Deepfake Voice Google Account Security Alert Scam
Criminals use AI-synthesised voices to impersonate Google's automated security system or Google account specialists, calling victims to warn of a breach and extracting Google account credentials or backup codes during the call.
Part of: Deepfake Voice Scams
Last reviewed: 8 June 2026
Google does send automated security notifications by email and SMS for some account events, and Google's own voice assistant technology has made computer-generated voices familiar to billions of people. Criminals combine these two facts to create deepfake voice scams that feel like they originate from Google's own systems.
An unsolicited call arrives with a caller ID spoofed to show 'Google LLC' or a number that matches a real Google corporate line. An AI voice announces that unusual sign-in activity was detected on the victim's Google account and that the account may be compromised. The victim is asked to press a digit to speak with a Google security specialist.
The 'specialist' — either another AI voice or a live scammer — then requests the victim's Gmail address, recovery codes, or two-factor authentication codes to 'verify the account and stop the unauthorised access'.

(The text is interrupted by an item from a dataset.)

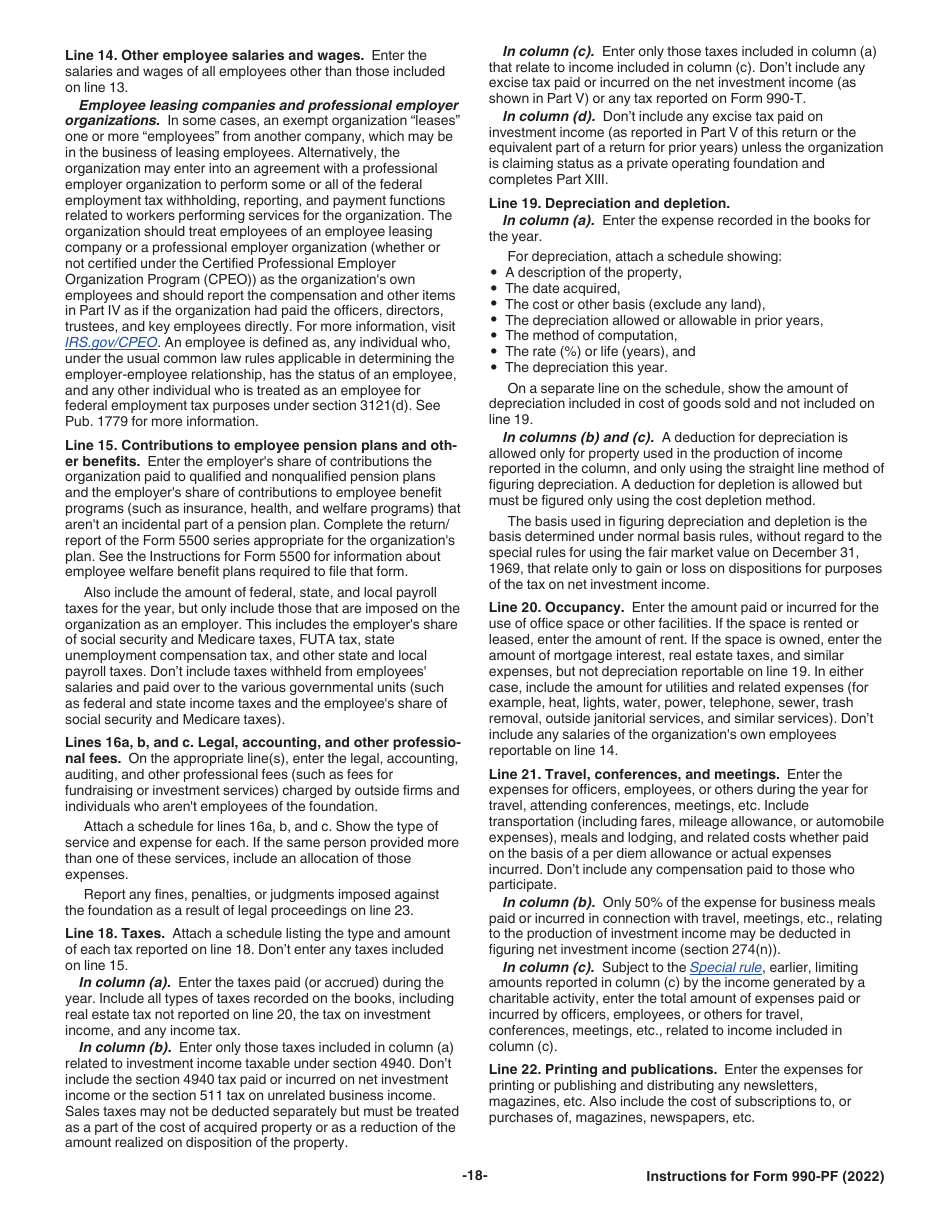 Instructions for IRS Form 990-PF Return of Private Foundation or Section 4947(A)(1) Nonexempt Charitable Trust Treated as a Private Foundation, Page 18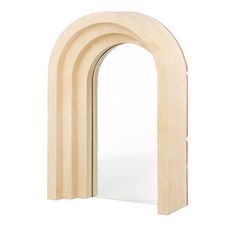 an arch shaped mirror is shown against a white background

How this scam works on the Google brand
Google does not make unsolicited outbound calls to users about account security incidents. Genuine Google security alerts are delivered via email to the account's registered address and through the account's Security section at myaccount.google.com. The only Google-initiated calls are those users schedule themselves through Google's support options.
The deepfake call leverages familiarity with Google's voice assistant aesthetic — clear, professional, and calm. It references a real concern (unauthorised sign-in) and uses specificity (a region name, a device type) assembled from public information to make the alert feel targeted.
If the victim provides a backup code or authenticator code, the attacker uses it immediately to bypass two-factor authentication and take over the Google account. They then add their own recovery details, locking the victim out.
Common red flags
- An unexpected call claims to be Google Security — Google does not make unsolicited security calls.
- Caller ID shows 'Google LLC' or a Google number — this is easily spoofed.
- The voice sounds synthetic, overly even, or has small glitches at sentence transitions.
- The call asks for your Gmail password, recovery codes, or a two-factor authentication code.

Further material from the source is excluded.